*Exercise prompt:* Omitting all images, set down every line below exactly as it appears.

*Information provided:*
------------------------------------------------

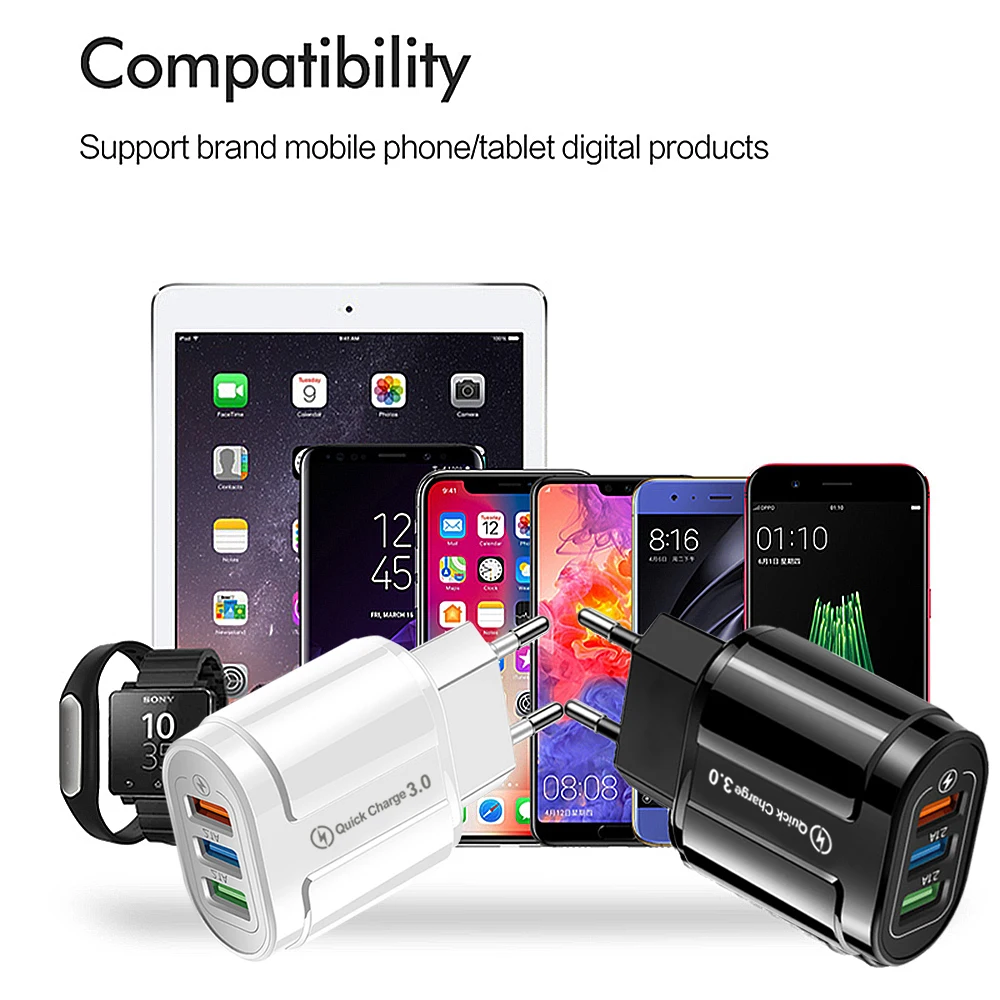 Настольное зарядное устройство с 3 портами USB для iPhone iPad Xiaomi Samung LED Light EU Plug 5V 3A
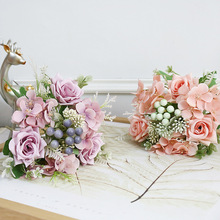 仿真花漿果角玫瑰客廳裝飾假花花束婚禮手捧花攝影道具廠家批發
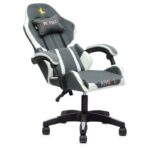 Premium Ergonomic Gaming Chair – Grey & White PU Leather, Adjustable Height & Recline, 360° Swivel, Lumbar & Neck Support, Racing Style Comfortable Chair for Gaming & Office Use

------------------------------------------------

*Result:*
 Настольное зарядное устройство с 3 портами USB для iPhone iPad Xiaomi Samung LED Light EU Plug 5V 3A
 仿真花漿果角玫瑰客廳裝飾假花花束婚禮手捧花攝影道具廠家批發
 Premium Ergonomic Gaming Chair – Grey & White PU Leather, Adjustable Height & Recline, 360° Swivel, Lumbar & Neck Support, Racing Style Comfortable Chair for Gaming & Office Use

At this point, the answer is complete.